I don't know where these functions are coming from.
the first program in the chapter is a program to copy input to output.
here is my source file which i called inputout.c:

Code:
#include "syscalls.h"

main()  /* copy input to output */
{
  char buf[BUFSIZ];
  int n;
  
  while ((n = read(0, buf, BUFSIZ)) > 0)
      write(1, buf, n);
  return 0;
}

when i went to compile it i got error messages saying that the file syscalls.h doesen't exist. does anyone know anything about syscalls.h?
 

brn2ski00

macrumors 68020
Aug 16, 2007
2,242
14
MA
That was the same book that I used in college as well. Small world....
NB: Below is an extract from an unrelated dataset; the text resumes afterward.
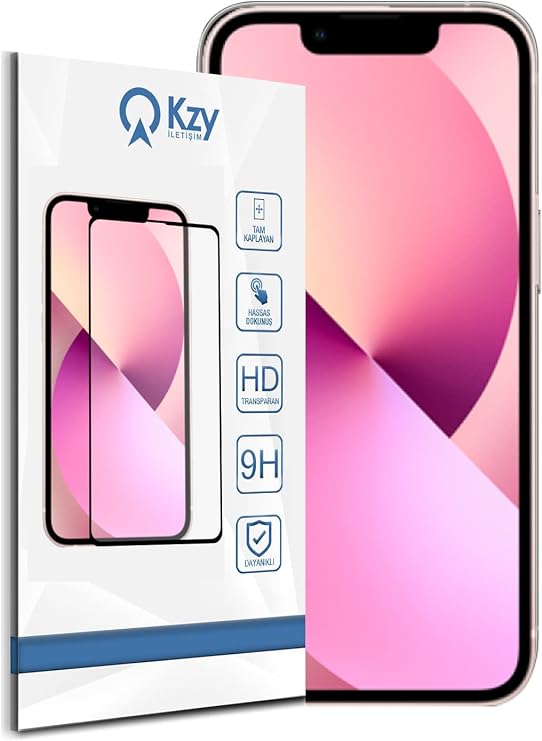 KZY İletişim Apple iPhone 13 Mini ile uyumlu Tam Kaplayan Temperli Ekran Koruyucu Cam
It sounds like syscalls.h is a KR specific header file. You may need to install or copy those files from (where ever) into your directory where the program is.
 

drivefast

macrumors regular
Mar 13, 2008
128
0
try
Code:
#include "stdio.h"
instead of syscalls.h. maybe the syscalls.h they have in the book already includes stdio.
 

ChrisA

macrumors G5
Jan 5, 2006
12,917
2,169
Redondo Beach, California
reading from a book The C Programming Language by Brian W. Kernighan and Dennis M. Ritchie. In the last chapter of the book, they discuss a file called syscalls.h,

K&R is a good book to have for historic reasons. It shows what programming C was like in the early days before ANSI C was the standard. I keep my copy of K&R right next to Griiswald's "SNOBOL" book, the MIT LISP 1.4 manual and Wirth's Pascal book. All of these are classics that are decades out of date. I got into programming back when Unix was the hot new thing in the early 70s

Today if you don't know what dot-H file to include just look up the man page for that funtion. I cut and paste the #include right out of the man page. After doing this a few times you learn the common ones.
 

ScoobyMcDoo

macrumors 65816
Nov 26, 2007
1,188
37
Austin, TX
Hmmm. I have the first edition still - it doesn't mention the syscalls.h file. Not sure why it would for that example. On my linux box, there is a syscalls.h file, but it would not be needed for this example.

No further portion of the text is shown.